その日の午後 05

 どこにあるのかわからない三郷中央駅へ向かうには、どうしたらいいか。
 しょうがない。地図を買うことにしょう。ちょうどここは草加駅だ。近くに2件の本屋があるはずと、中学生とツレをクルマに残して、まず高架下の本屋に行くが、なんと商店街全体がすべてシャッターを下りている。さらに東口のマルイ近くの書店も閉店していた。人もほとんど歩いていない。さっきまでの北千住の雑踏や幹線道路の渋滞が嘘のようだ。
 また高架を潜って引き返す。その出口近くで、上から大量の水が滴り落ちている。どこかのパイプが破断したようだ。そうそう、思い出した。クルマを停めた近くにコンビニがあったはずだ。そこで埼玉県の安価な地図が見つかった。価格は980円。先ほどサラリーマン氏からもらった千円を使わしてもらおう。
 クルマに戻ると、蛇行走行する2台のバイクが近くをすり抜けていく。北千住のスケボー男もそうだが、こんなときにもそんな輩はやっぱりいる。いや、この非日常的な時間に繰り出すことが快感なのかもしれない。
 薄暗いクルマのルームライトで三郷中央駅を確認する。市役所の少し南にある。外環の下の国道298号線を走って、南下すればいいようだ。そんなふうにだいたいのあたりをつけて、エンジンを駆けた。
 西に向かう車線もそれなりに混んでいたが、東に向かう車線は渋滞でほとんど動いていないように見える。帰りが思いやられる。上の外環道にクルマは走っていないはずだ。
 三郷インターチェンジを通り抜けてから左に折れた。すると原っぱのような場所に三郷市の市役所が建っている。前の道は通り抜けられないほどに狭い。とにかく目標としていた建物には着いた。ここを南下すればいい。ただ地図はあまり細かくないので、正確なところはわからない。

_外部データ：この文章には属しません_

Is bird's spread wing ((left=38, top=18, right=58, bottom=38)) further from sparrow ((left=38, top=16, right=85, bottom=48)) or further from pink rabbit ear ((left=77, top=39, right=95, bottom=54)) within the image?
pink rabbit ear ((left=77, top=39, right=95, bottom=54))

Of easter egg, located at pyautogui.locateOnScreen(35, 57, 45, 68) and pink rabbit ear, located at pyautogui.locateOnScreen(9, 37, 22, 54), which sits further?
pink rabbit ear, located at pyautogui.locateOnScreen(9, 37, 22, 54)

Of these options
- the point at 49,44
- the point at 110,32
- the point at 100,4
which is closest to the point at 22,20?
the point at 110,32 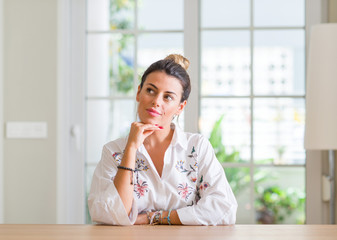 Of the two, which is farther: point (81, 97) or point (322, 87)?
point (81, 97)

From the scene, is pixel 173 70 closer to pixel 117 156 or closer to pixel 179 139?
pixel 179 139

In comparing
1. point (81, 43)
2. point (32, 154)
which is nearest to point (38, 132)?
point (32, 154)

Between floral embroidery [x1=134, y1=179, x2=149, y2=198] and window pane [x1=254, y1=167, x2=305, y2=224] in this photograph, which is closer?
floral embroidery [x1=134, y1=179, x2=149, y2=198]

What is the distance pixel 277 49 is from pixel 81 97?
1.33 metres

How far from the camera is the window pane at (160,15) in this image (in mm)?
3209

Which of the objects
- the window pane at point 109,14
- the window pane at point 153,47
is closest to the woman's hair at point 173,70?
the window pane at point 153,47

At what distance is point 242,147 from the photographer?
10.3 ft

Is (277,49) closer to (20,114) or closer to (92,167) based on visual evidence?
(92,167)

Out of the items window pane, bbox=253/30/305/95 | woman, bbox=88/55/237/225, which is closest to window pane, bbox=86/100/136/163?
window pane, bbox=253/30/305/95

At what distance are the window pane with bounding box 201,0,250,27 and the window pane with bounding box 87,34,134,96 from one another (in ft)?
1.71

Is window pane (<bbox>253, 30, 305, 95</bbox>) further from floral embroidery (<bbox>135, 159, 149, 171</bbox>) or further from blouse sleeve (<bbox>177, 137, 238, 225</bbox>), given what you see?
floral embroidery (<bbox>135, 159, 149, 171</bbox>)

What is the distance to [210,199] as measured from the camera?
1.78m

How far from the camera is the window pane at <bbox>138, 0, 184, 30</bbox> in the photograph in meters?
3.21

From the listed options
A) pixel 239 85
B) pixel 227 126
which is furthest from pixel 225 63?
pixel 227 126
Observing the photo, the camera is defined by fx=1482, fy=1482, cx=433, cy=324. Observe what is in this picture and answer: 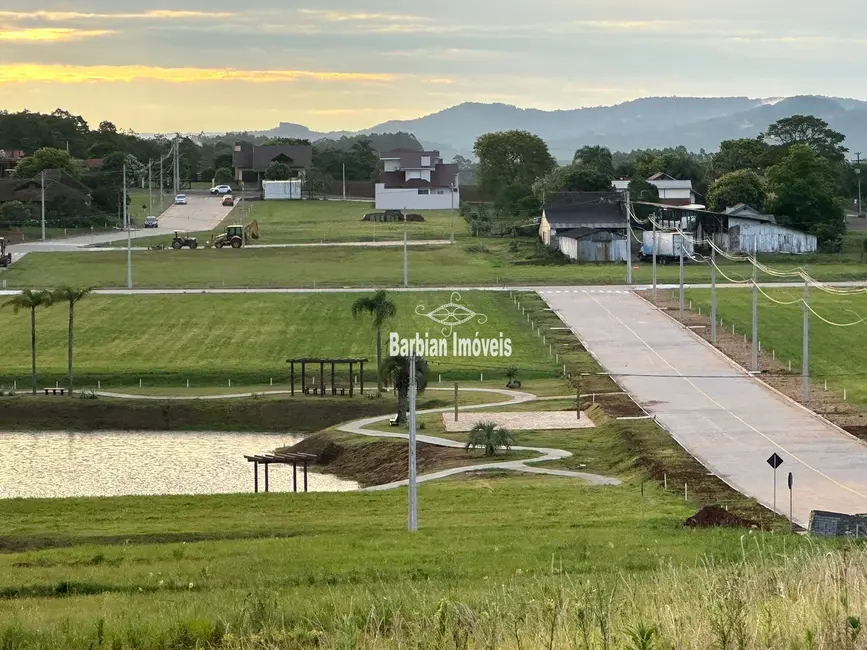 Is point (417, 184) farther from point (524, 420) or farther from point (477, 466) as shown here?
point (477, 466)

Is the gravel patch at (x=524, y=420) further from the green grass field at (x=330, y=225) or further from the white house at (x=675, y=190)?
the white house at (x=675, y=190)

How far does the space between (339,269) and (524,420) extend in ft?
171

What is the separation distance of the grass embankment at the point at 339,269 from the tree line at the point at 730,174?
11.9 m

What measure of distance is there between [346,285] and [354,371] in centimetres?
2812

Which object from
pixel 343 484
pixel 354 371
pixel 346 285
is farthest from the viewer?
pixel 346 285

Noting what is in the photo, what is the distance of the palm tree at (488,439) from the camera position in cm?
4669

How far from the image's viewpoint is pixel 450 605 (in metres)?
17.6

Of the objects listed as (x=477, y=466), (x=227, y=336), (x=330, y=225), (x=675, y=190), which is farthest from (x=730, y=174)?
(x=477, y=466)

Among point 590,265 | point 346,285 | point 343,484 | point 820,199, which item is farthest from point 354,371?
point 820,199

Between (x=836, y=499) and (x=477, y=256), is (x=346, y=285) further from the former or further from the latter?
(x=836, y=499)

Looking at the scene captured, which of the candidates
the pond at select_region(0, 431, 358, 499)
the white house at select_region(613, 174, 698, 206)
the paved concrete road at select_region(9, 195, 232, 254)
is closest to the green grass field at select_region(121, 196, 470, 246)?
the paved concrete road at select_region(9, 195, 232, 254)

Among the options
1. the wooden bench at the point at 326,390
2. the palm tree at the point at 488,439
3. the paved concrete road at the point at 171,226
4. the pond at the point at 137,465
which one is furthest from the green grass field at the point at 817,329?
the paved concrete road at the point at 171,226

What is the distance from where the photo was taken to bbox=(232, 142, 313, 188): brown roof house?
189875 millimetres

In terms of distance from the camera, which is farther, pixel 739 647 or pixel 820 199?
pixel 820 199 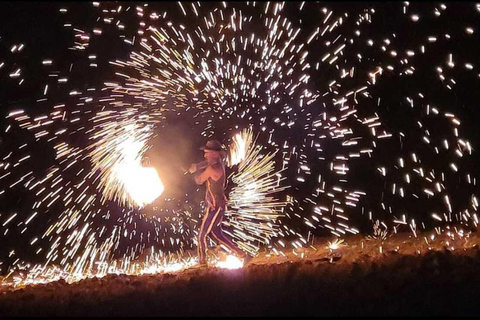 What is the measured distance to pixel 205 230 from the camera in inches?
441

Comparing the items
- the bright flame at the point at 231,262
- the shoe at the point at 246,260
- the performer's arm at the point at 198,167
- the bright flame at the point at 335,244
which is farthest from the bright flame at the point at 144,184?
the bright flame at the point at 335,244

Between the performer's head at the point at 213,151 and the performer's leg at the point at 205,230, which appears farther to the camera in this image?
the performer's leg at the point at 205,230

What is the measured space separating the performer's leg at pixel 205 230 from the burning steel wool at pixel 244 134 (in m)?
0.43

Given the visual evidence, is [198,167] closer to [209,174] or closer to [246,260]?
[209,174]

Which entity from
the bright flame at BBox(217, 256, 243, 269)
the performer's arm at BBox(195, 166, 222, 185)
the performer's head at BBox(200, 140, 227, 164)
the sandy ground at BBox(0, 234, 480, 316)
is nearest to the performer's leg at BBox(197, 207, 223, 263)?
the bright flame at BBox(217, 256, 243, 269)

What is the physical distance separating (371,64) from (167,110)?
376 cm

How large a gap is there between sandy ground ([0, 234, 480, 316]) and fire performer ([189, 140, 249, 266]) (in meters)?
1.92

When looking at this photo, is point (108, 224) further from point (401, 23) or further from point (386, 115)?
point (401, 23)

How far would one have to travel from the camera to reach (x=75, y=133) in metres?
14.2

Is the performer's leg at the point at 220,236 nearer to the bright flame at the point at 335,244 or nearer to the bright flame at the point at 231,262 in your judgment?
the bright flame at the point at 231,262

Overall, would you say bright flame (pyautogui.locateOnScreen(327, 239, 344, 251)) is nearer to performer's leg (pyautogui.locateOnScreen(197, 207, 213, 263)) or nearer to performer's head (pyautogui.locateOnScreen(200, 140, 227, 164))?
performer's leg (pyautogui.locateOnScreen(197, 207, 213, 263))

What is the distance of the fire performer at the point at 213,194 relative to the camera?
1095cm

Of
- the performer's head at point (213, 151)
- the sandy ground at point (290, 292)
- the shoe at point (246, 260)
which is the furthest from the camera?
the shoe at point (246, 260)

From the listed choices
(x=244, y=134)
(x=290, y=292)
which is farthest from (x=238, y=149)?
(x=290, y=292) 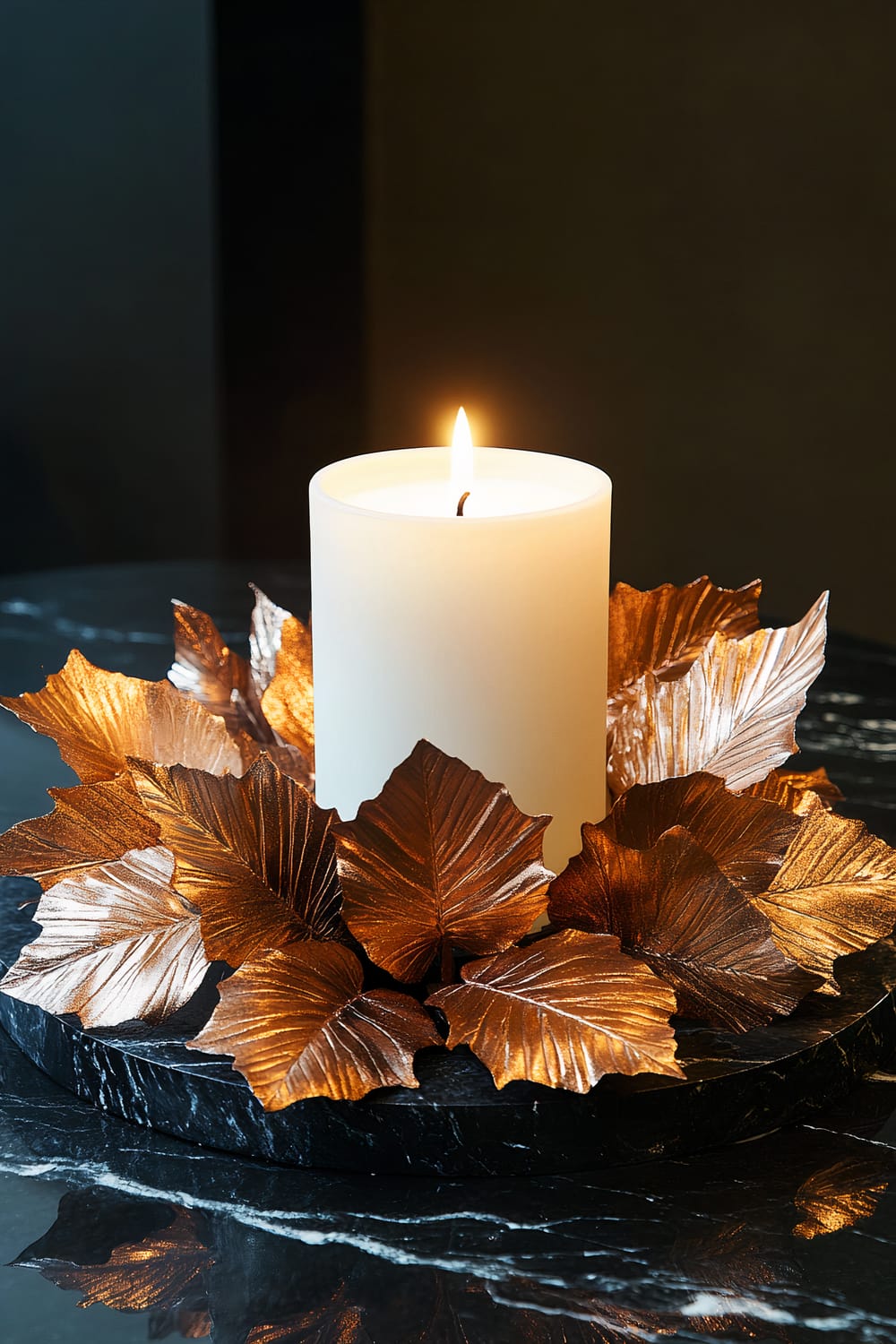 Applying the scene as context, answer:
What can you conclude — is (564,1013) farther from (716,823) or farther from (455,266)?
(455,266)

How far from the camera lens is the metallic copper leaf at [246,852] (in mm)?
→ 394

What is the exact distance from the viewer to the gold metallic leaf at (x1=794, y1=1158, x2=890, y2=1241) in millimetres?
373

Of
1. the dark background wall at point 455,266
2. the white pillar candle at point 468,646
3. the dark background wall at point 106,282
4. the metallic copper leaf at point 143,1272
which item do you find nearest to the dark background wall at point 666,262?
the dark background wall at point 455,266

 またコンビニを発見すると、ツレが道を聞いてくるという。こういうときの彼女の行動は早い。レジの女の子は、このまま進むと大きな道に出るから、そこを左に曲がると見えますよ、という。確かに壊れかけた舗装路が、きれいに整備された大きな道に繋がっていた。そしてその先にオブジェのような三郷中央駅が見えた。
 信じられないほど敷地は広い。まるで空港か何かのアプローチのようだ。そこにクルマを滑り込ませる。駅のシャッターは下りていて、タクシー乗り場に十数人の列ができていた。この駅で下ろされてしまった客なのだろうか。一瞬、草加の方へ行きたい人を乗せようかとも思ったが、それでは切りがなくなるかもしれない。中学生の親はここまで迎えに来るのだという。しかし寒さをしのぐ場所は見当たらない。でも男の子だ。大丈夫だろう。
 彼のバッグをトランクから下ろす。両サイドが四角い鞄、よく野球部が持っているヤツだ。
 「キミは野球部なのかい」、そう聞くと、彼は初めてニコリと微笑んだ。
 「はい、そうです」
 「それじゃ、家族が着くまでかんばってくれ」
 「はい、ありがとうございました」
 そして、私とツレはタクシー待ちの列に少し後ろ髪を引かれつつ、自分の落ち着き場所を目指すことにした。